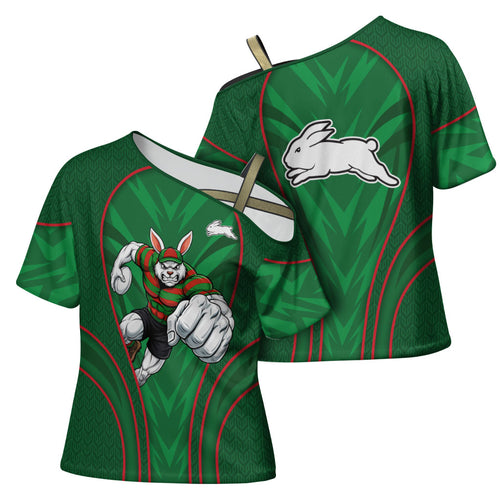 South Sydney Rabbitohs Rugby Mascot Cross Shoulder Shirt Australian Rugby Culture - Tribal Inspired Bunny
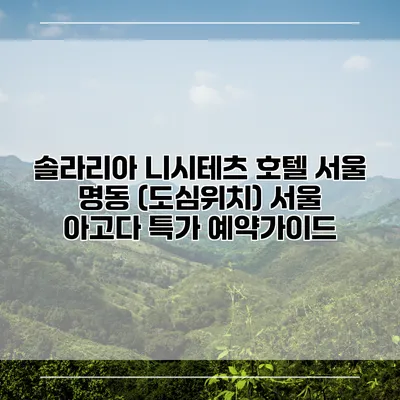 솔라리아 니시테츠 호텔 서울 명동 (도심위치) 서울 아고다 특가 예약가이드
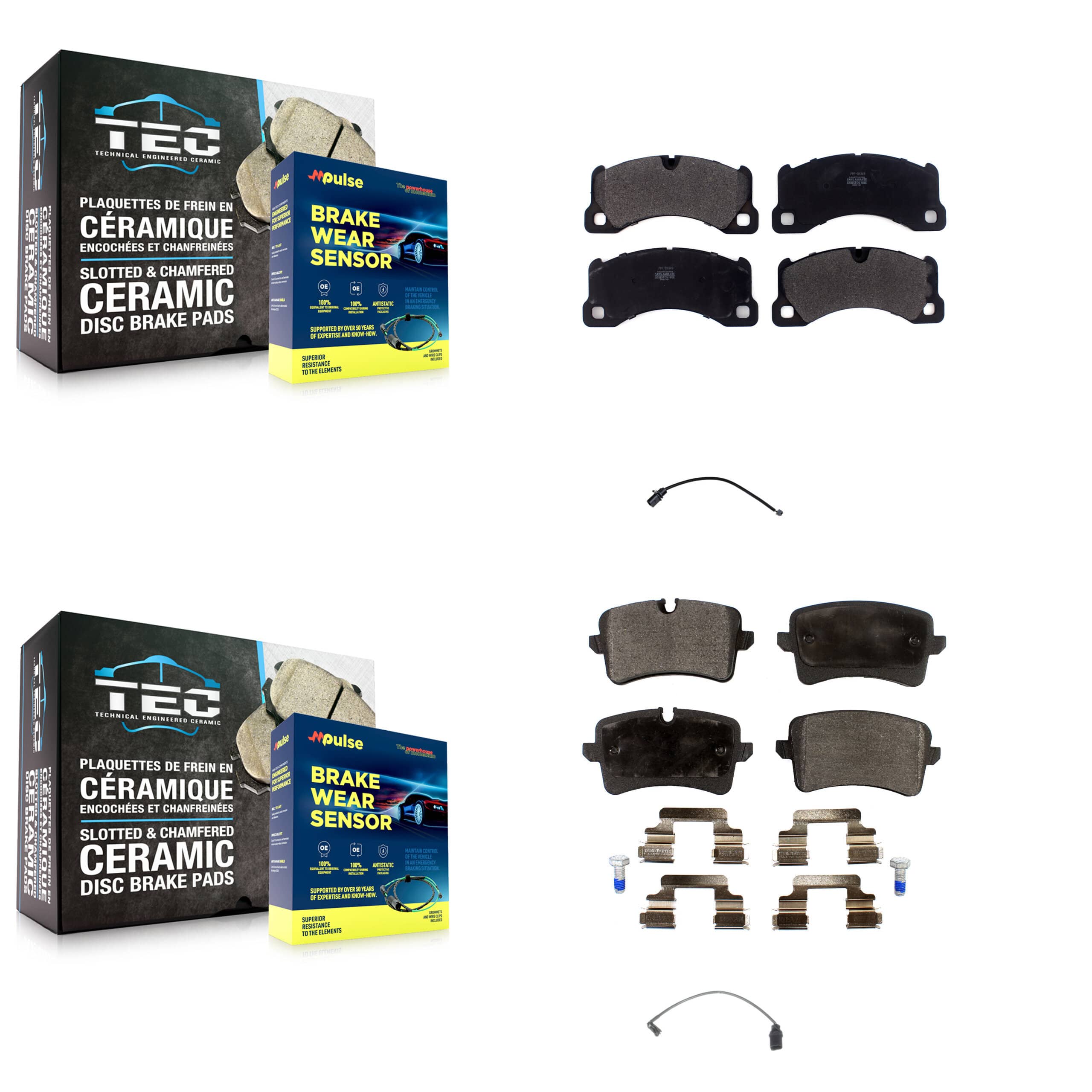 Positive Plus - KPW-100162 - Front and Rear Disc Brake Pad Kits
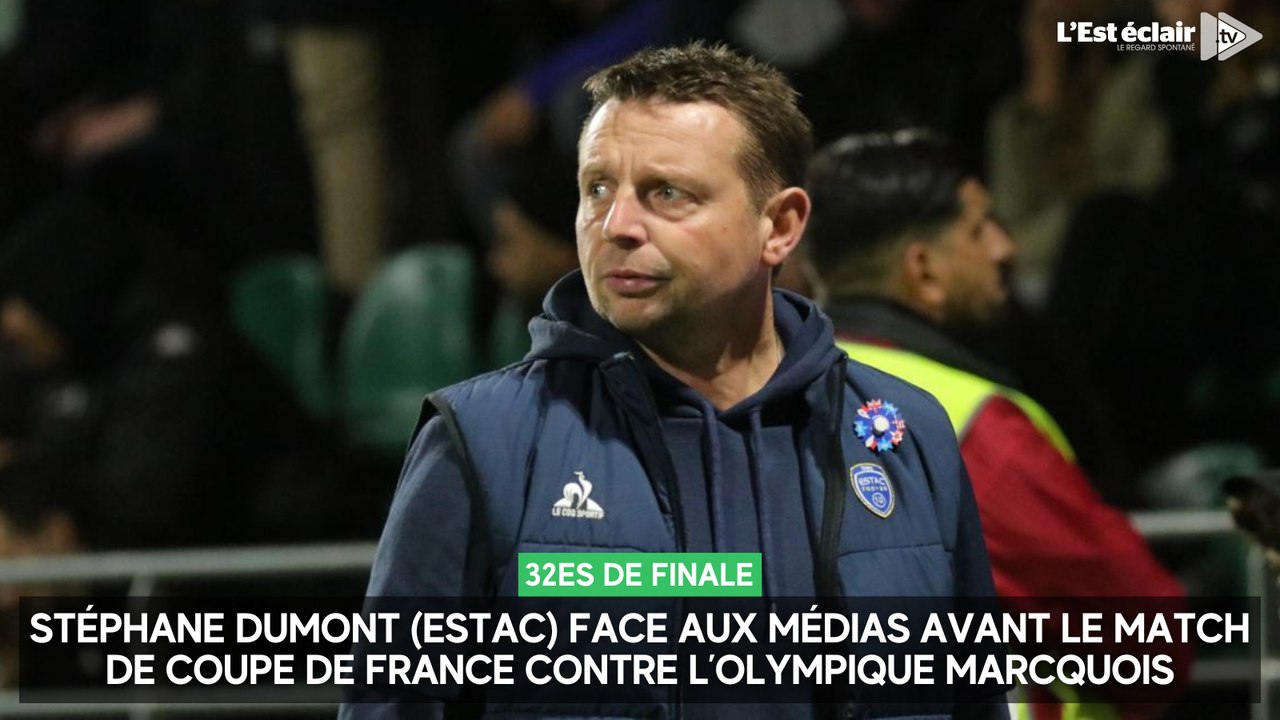 Stéphane Dumont (Estac) face aux médias avant le match de Coupe de France contre l’Olympique Marcquois (R1)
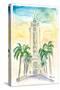 Hawaii - Aloha Tower Greetings and Palms-M. Bleichner-Stretched Canvas
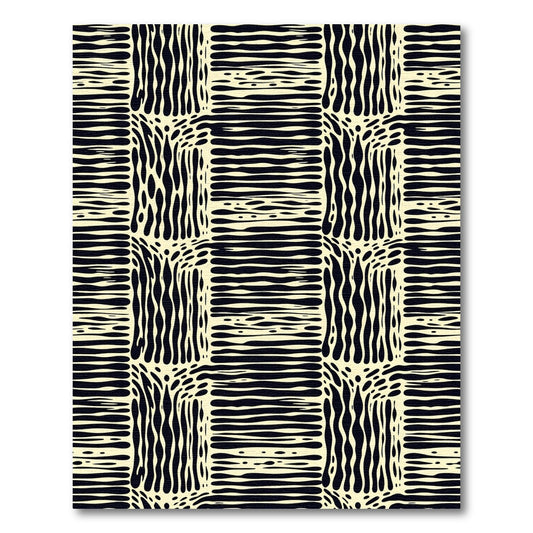 Cream Black Interlocking Organic Squares Rug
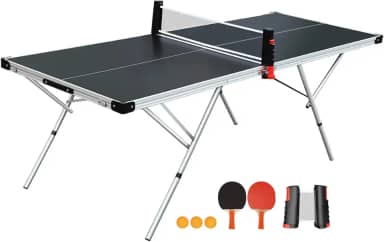 Mesa Ping Pong, Mesa de Tênis de Mesa, 1,60mX0,8m, Mini Mesa Ping Pong Dobravel com Kit 1 Rede Retrátil + 2 Raquetes + 3 Bolinhas Bel, Aluminum Alloy Frame, Height Adjustable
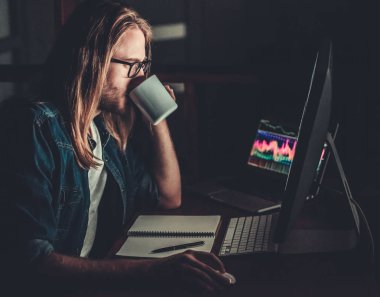 bilgisayarda çalışan adam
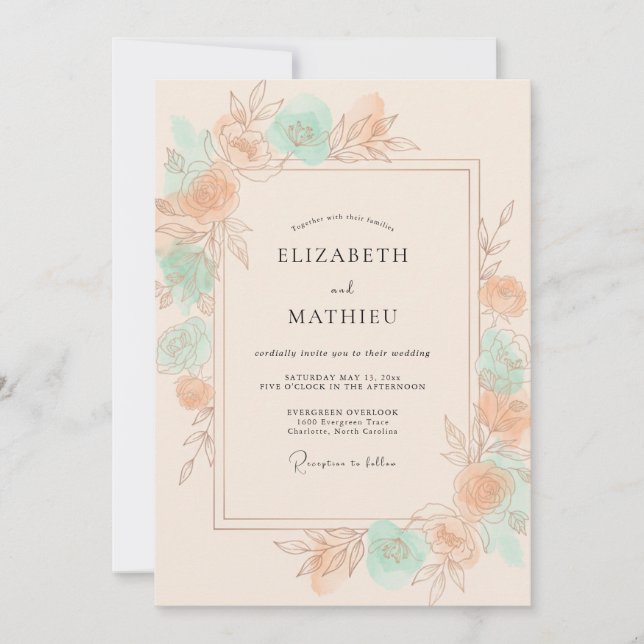 Invitation Mariage Romantique de Printemps Abricot Menthe (Devant)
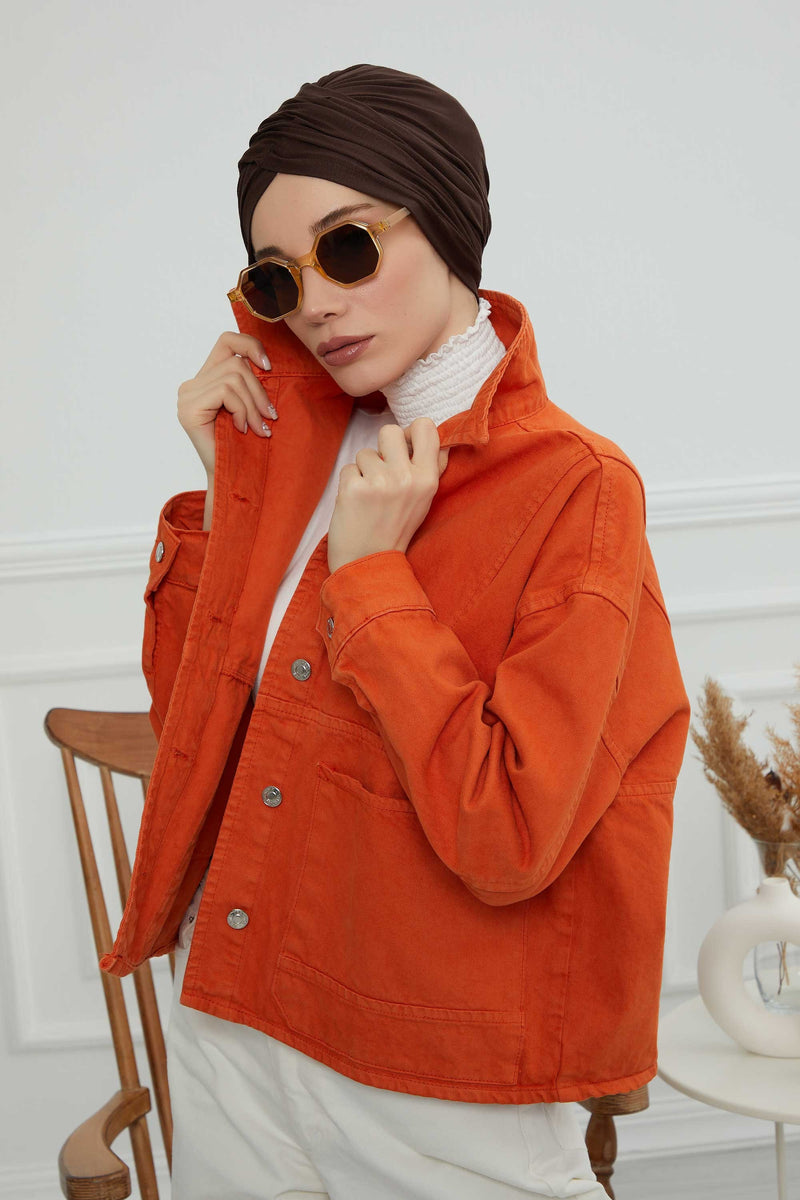 عمامة فورية قطنية سادة وشاح للرأس قبعة خفيفة الوزن للنساء، B-9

************

### HOW TO COMPLETE THIS TASK
The data above should be repeated exactly, minus any pictures.

### ANSWER SPACE
 South Sydney Rabbitohs Rugby Mascot Cross Shoulder Shirt Australian Rugby Culture - Tribal Inspired Bunny
 솔라리아 니시테츠 호텔 서울 명동 (도심위치) 서울 아고다 특가 예약가이드
 Positive Plus - KPW-100162 - Front and Rear Disc Brake Pad Kits
 Stéphane Dumont (Estac) face aux médias avant le match de Coupe de France contre l’Olympique Marcquois (R1)
 Hawaii - Aloha Tower Greetings and Palms-M. Bleichner-Stretched Canvas
 Cream Black Interlocking Organic Squares Rug
 Mesa Ping Pong, Mesa de Tênis de Mesa, 1,60mX0,8m, Mini Mesa Ping Pong Dobravel com Kit 1 Rede Retrátil + 2 Raquetes + 3 Bolinhas Bel, Aluminum Alloy Frame, Height Adjustable
 bilgisayarda çalışan adam
 Invitation Mariage Romantique de Printemps Abricot Menthe (Devant)
 عمامة فورية قطنية سادة وشاح للرأس قبعة خفيفة الوزن للنساء، B-9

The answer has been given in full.